Work required —
Return only the lines from the start of the records through the line that contains "And just like", inclusive; leave out all pictures.

(Dataset entries)

-.-.-

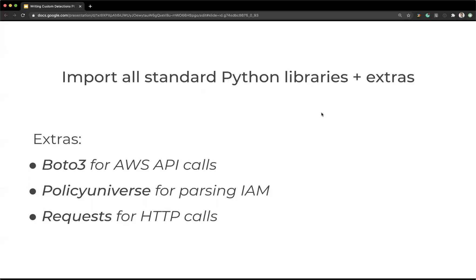And then the request library is another one that we include, which is for making API calls. If you wanted to hit like the virus total API or something like that, you can create a helper that does this and you can import requests.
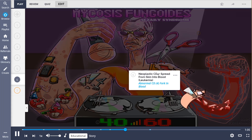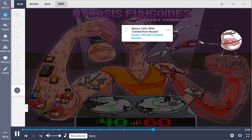Sézary syndrome is considered a later stage of mycosis fungoides, when the neoplastic CD4 T-cells spread from the skin into the blood, leading to a T-cell leukemia. This is represented by the abnormal CD4 fork in the blood. When doing a peripheral blood smear in patients with Sézary syndrome, we find Sézary cells with cerebriform nuclei — pleomorphic abnormal T-cells with convoluted brain-like cell nuclei, depicted by the scissor cell with the cerebral nucleus.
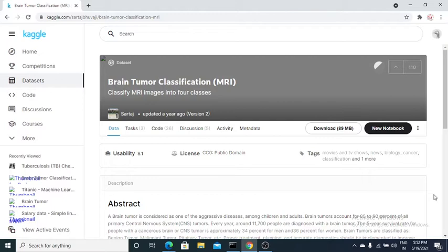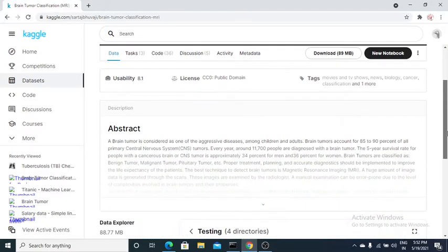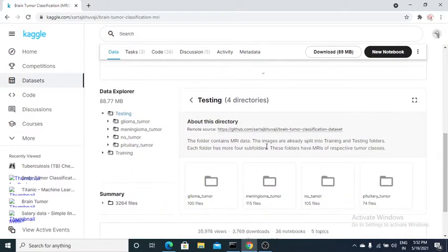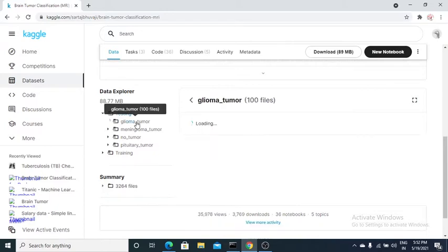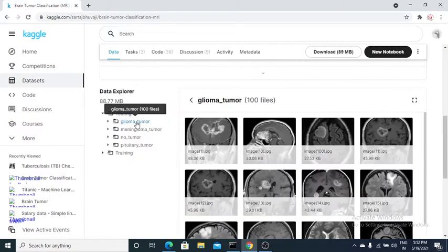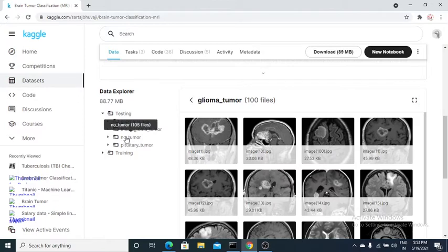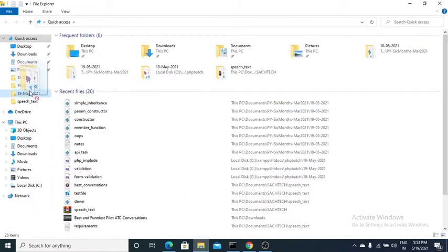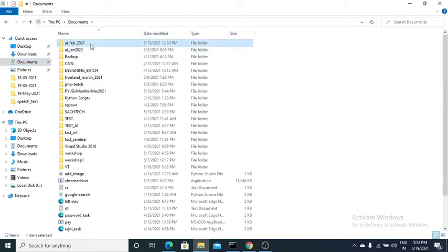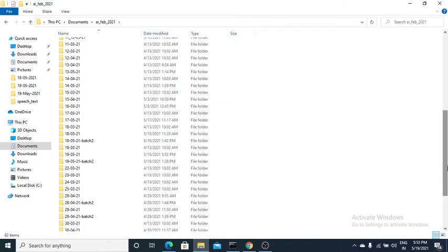I'll build a predictive model for brain tumor classification on a dataset containing a significant number of MRI images. The dataset has two folders — test and training — with different classes of tumors. I'll keep it simple and use only two of those classes: pituitary tumor and no tumor. I have downloaded this dataset into a local folder.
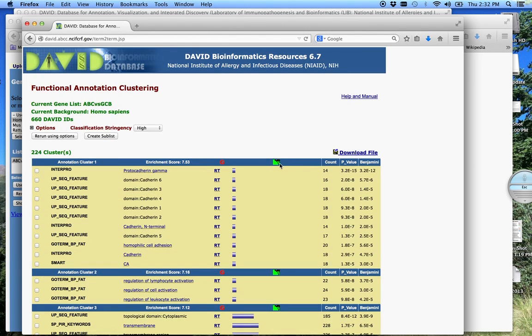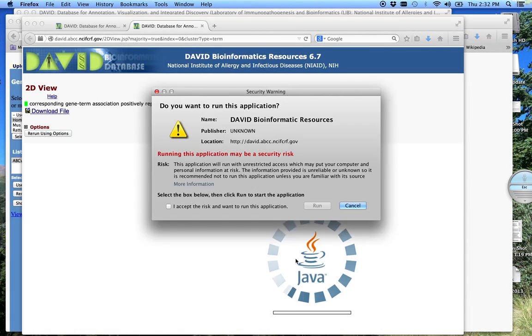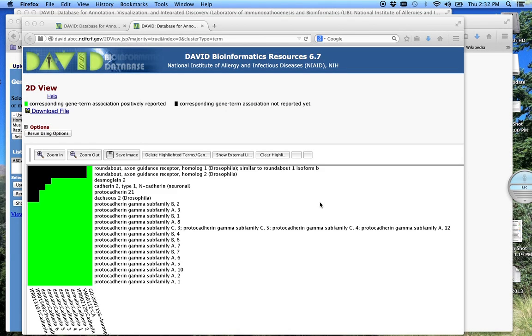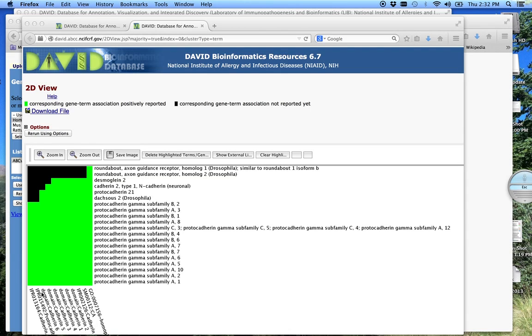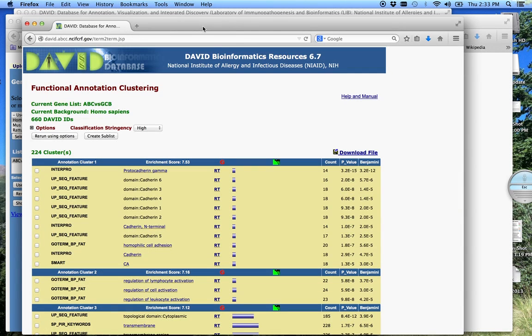And just like the gene level analysis, we can look at a 2D version of the clustering. Yes, I accept the risk. And this is just a Java program. And again, so all our functional categories this time are on the bottom. Now our genes are on the top. So anything with a green means that these particular genes are associated with this particular functional category. And black would mean that it is not. So it has grouped all of these genes together, or grouped these functional categories together based on the occurrence of these similar genes. And again, we can download any of these files that we want.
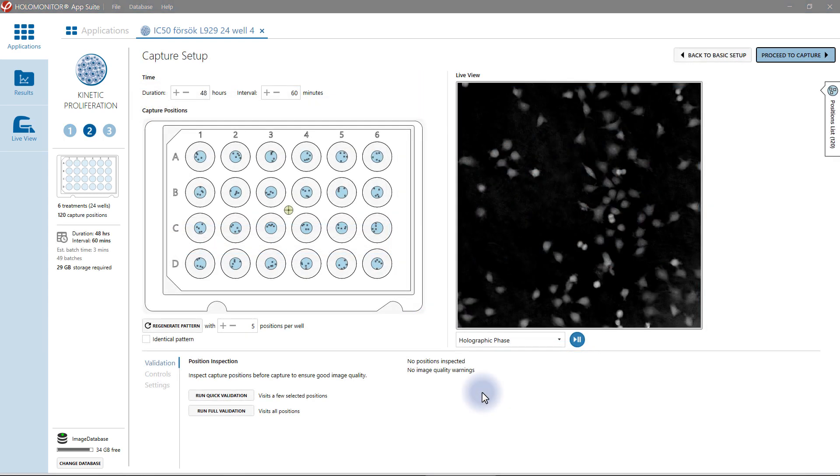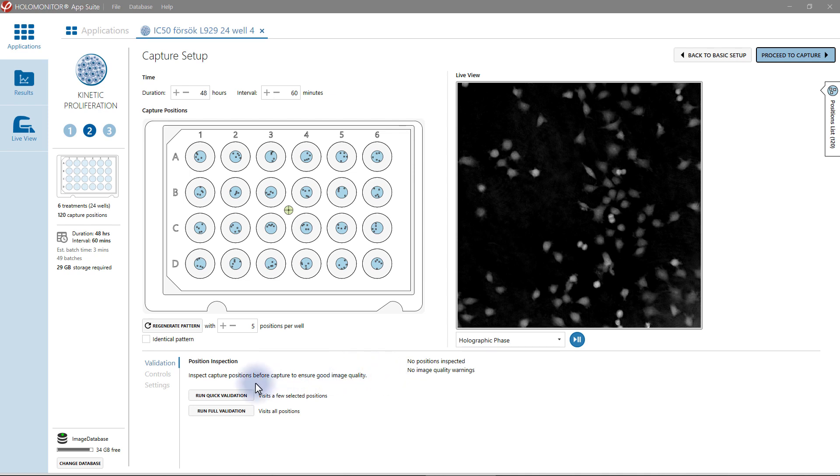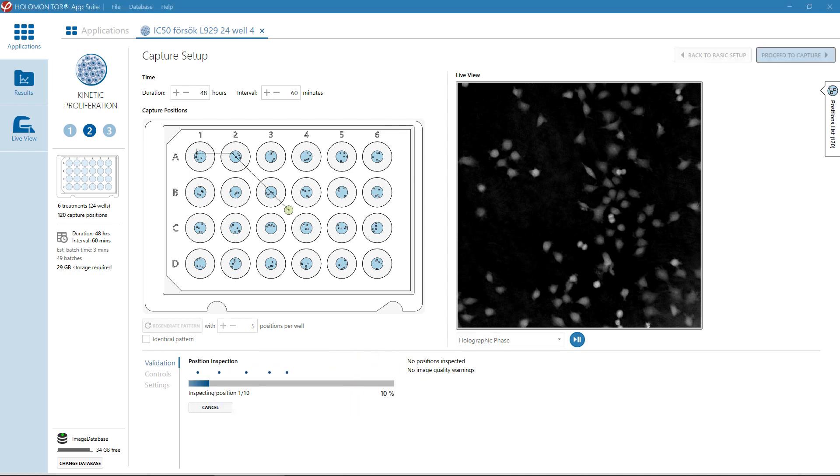Next is Capture Setup. Here you decide how often you want the instrument to capture images of your cells and for how long. The instrument will choose positions for imaging. A quick validation of the image quality in selected positions is recommended to ensure optimal image quality.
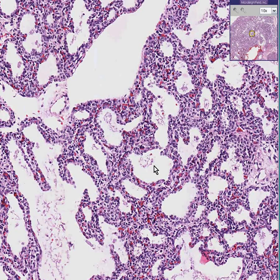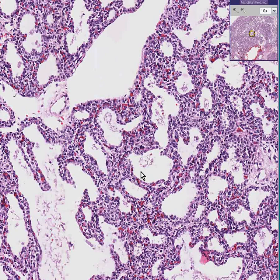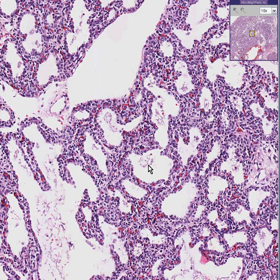If you want to take one thing home to the bank: if the cells infiltrating the lung are in the alveoli, think bacteria. If the cells infiltrating are in the septae, think viruses.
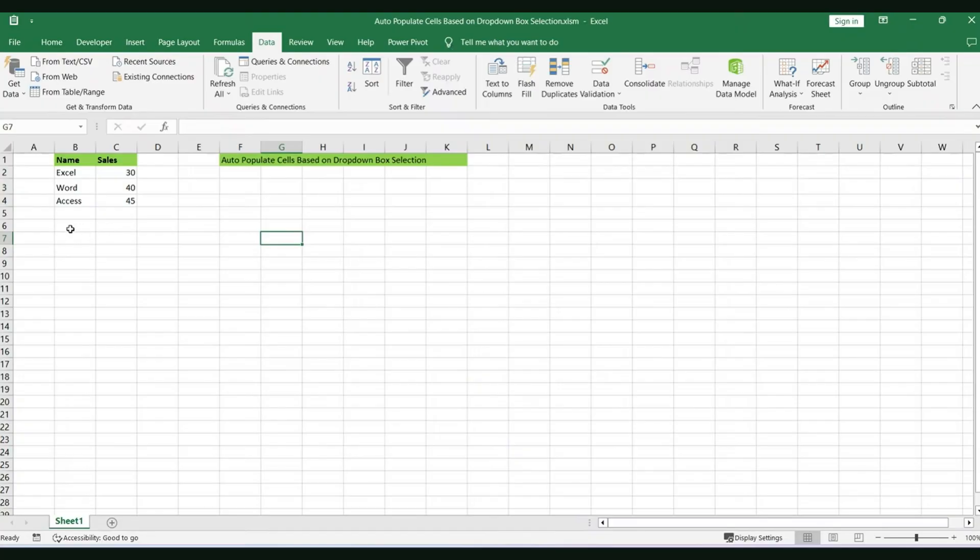If you want to auto-populate cells based on a drop-down menu in Excel, I've got you covered. I'm going to show you everything you need to know to get it done. So let's get into it. We've got our data over here and we're going to go ahead and select a cell that we'd like to create a drop-down menu for.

-.-.-

Result of this task —
And then the request library is another one that we include, which is for making API calls. If you wanted to hit like the virus total API or something like that, you can create a helper that does this and you can import requests.
Sézary syndrome is considered a later stage of mycosis fungoides, when the neoplastic CD4 T-cells spread from the skin into the blood, leading to a T-cell leukemia. This is represented by the abnormal CD4 fork in the blood. When doing a peripheral blood smear in patients with Sézary syndrome, we find Sézary cells with cerebriform nuclei — pleomorphic abnormal T-cells with convoluted brain-like cell nuclei, depicted by the scissor cell with the cerebral nucleus.
I'll build a predictive model for brain tumor classification on a dataset containing a significant number of MRI images. The dataset has two folders — test and training — with different classes of tumors. I'll keep it simple and use only two of those classes: pituitary tumor and no tumor. I have downloaded this dataset into a local folder.
And just like the gene level analysis, we can look at a 2D version of the clustering. Yes, I accept the risk. And this is just a Java program. And again, so all our functional categories this time are on the bottom. Now our genes are on the top. So anything with a green means that these particular genes are associated with this particular functional category. And black would mean that it is not. So it has grouped all of these genes together, or grouped these functional categories together based on the occurrence of these similar genes. And again, we can download any of these files that we want.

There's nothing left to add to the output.